> [Problem requirements] Leaving out the images, return the data below exactly as it is written.

▽

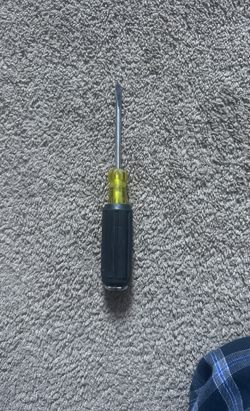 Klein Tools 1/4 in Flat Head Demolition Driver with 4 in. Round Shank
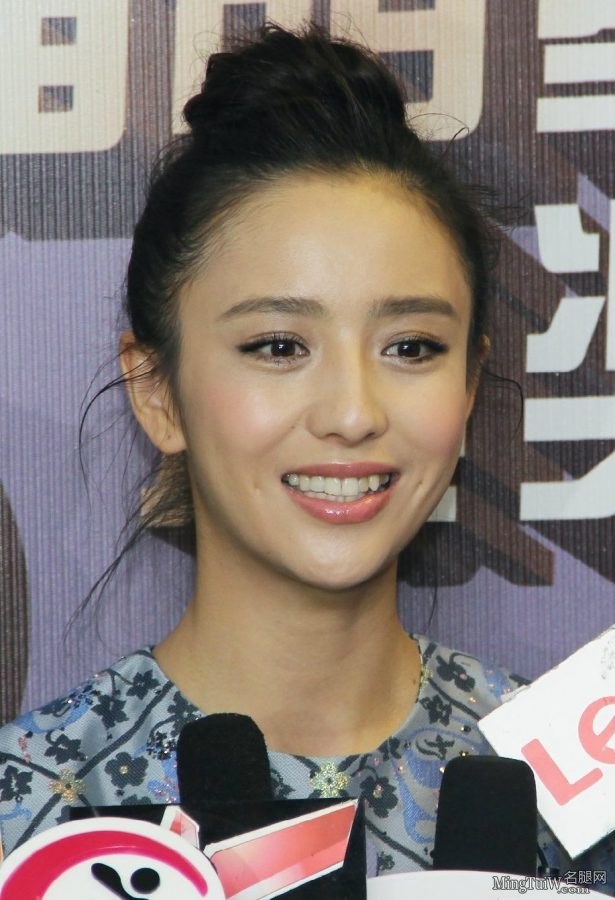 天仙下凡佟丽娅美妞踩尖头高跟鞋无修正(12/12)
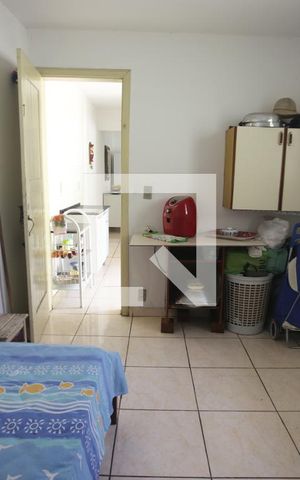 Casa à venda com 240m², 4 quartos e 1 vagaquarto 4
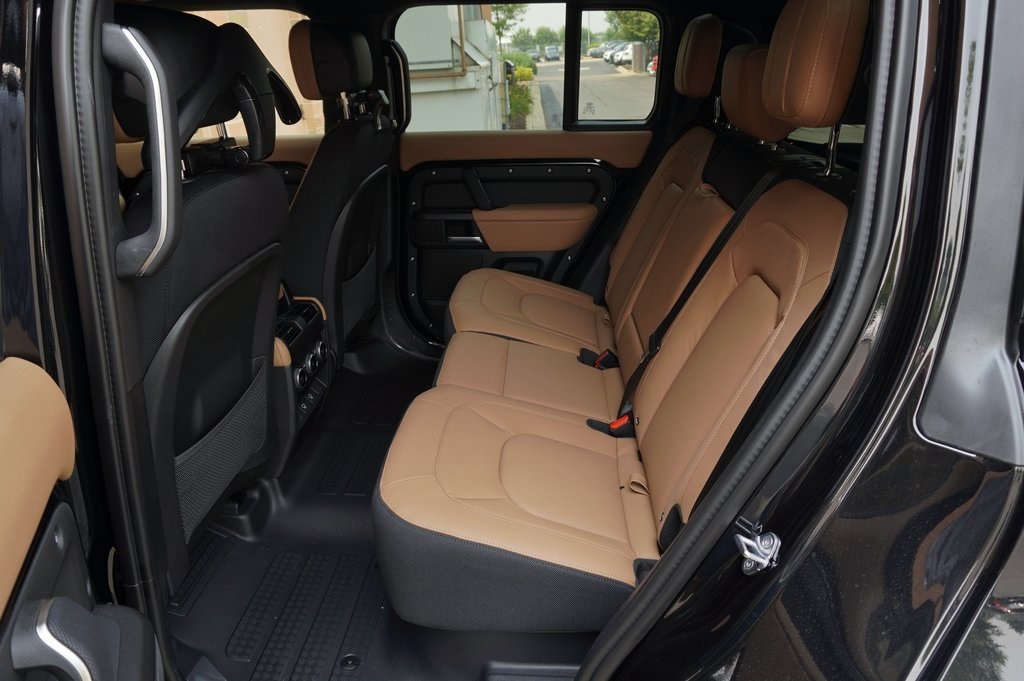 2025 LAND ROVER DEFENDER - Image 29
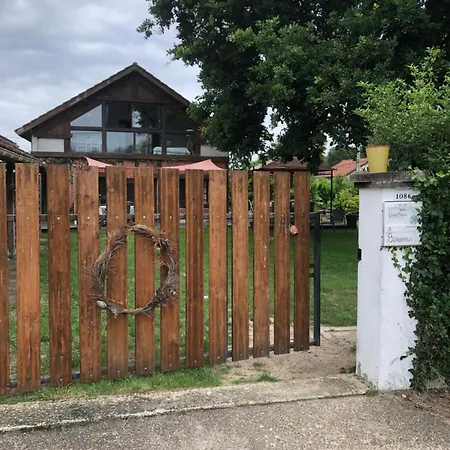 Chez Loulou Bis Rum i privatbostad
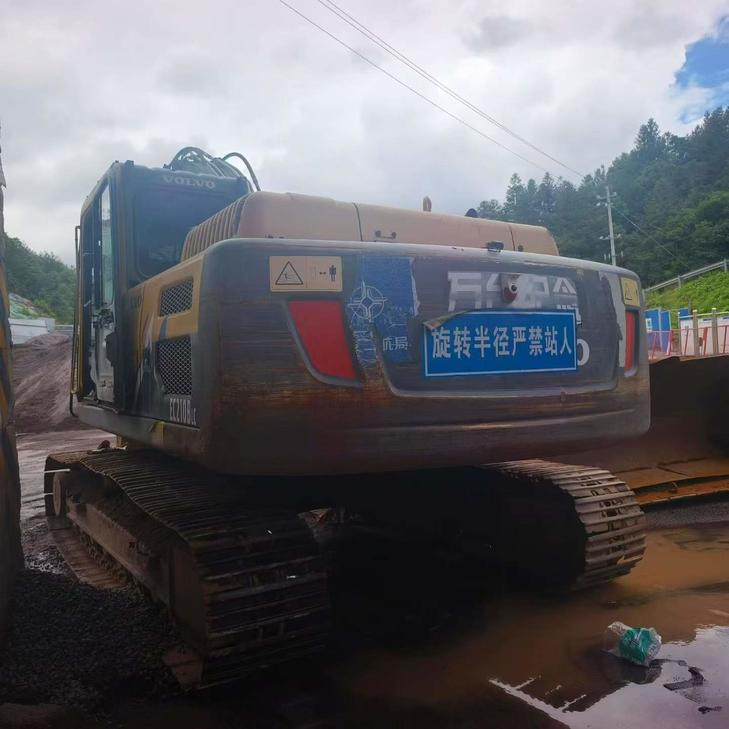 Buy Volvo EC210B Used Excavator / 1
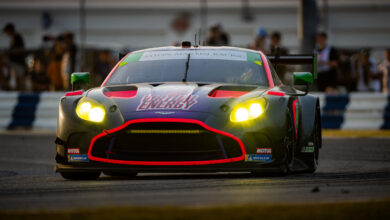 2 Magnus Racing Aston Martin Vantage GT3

△

> [Result for this exercise]
 Klein Tools 1/4 in Flat Head Demolition Driver with 4 in. Round Shank
 天仙下凡佟丽娅美妞踩尖头高跟鞋无修正(12/12)
 Casa à venda com 240m², 4 quartos e 1 vagaquarto 4
 2025 LAND ROVER DEFENDER - Image 29
 Chez Loulou Bis Rum i privatbostad
 Buy Volvo EC210B Used Excavator / 1
 2 Magnus Racing Aston Martin Vantage GT3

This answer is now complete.